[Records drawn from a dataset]
•••

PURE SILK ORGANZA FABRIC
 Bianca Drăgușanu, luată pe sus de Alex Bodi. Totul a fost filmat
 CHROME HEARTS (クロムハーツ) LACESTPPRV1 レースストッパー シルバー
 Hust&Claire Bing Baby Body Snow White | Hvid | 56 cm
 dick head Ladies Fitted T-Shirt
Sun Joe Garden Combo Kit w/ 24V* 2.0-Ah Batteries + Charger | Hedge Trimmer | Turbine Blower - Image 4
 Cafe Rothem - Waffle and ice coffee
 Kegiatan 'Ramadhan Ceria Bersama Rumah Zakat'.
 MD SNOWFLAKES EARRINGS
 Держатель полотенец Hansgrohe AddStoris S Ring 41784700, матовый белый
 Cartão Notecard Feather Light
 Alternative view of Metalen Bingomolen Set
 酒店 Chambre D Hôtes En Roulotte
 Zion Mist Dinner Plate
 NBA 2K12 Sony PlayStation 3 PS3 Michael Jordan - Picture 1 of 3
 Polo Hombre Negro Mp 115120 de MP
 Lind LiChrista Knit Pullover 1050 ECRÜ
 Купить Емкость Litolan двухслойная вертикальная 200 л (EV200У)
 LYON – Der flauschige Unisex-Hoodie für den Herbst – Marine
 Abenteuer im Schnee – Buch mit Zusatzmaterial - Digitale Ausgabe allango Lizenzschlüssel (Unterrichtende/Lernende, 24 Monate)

•••

▶ **TASK**
Repeat each of the entries exactly.

▶ **EXERCISE ANSWER**
PURE SILK ORGANZA FABRIC
 Bianca Drăgușanu, luată pe sus de Alex Bodi. Totul a fost filmat
 CHROME HEARTS (クロムハーツ) LACESTPPRV1 レースストッパー シルバー
 Hust&Claire Bing Baby Body Snow White | Hvid | 56 cm
 dick head Ladies Fitted T-Shirt
Sun Joe Garden Combo Kit w/ 24V* 2.0-Ah Batteries + Charger | Hedge Trimmer | Turbine Blower - Image 4
 Cafe Rothem - Waffle and ice coffee
 Kegiatan 'Ramadhan Ceria Bersama Rumah Zakat'.
 MD SNOWFLAKES EARRINGS
 Держатель полотенец Hansgrohe AddStoris S Ring 41784700, матовый белый
 Cartão Notecard Feather Light
 Alternative view of Metalen Bingomolen Set
 酒店 Chambre D Hôtes En Roulotte
 Zion Mist Dinner Plate
 NBA 2K12 Sony PlayStation 3 PS3 Michael Jordan - Picture 1 of 3
 Polo Hombre Negro Mp 115120 de MP
 Lind LiChrista Knit Pullover 1050 ECRÜ
 Купить Емкость Litolan двухслойная вертикальная 200 л (EV200У)
 LYON – Der flauschige Unisex-Hoodie für den Herbst – Marine
 Abenteuer im Schnee – Buch mit Zusatzmaterial - Digitale Ausgabe allango Lizenzschlüssel (Unterrichtende/Lernende, 24 Monate)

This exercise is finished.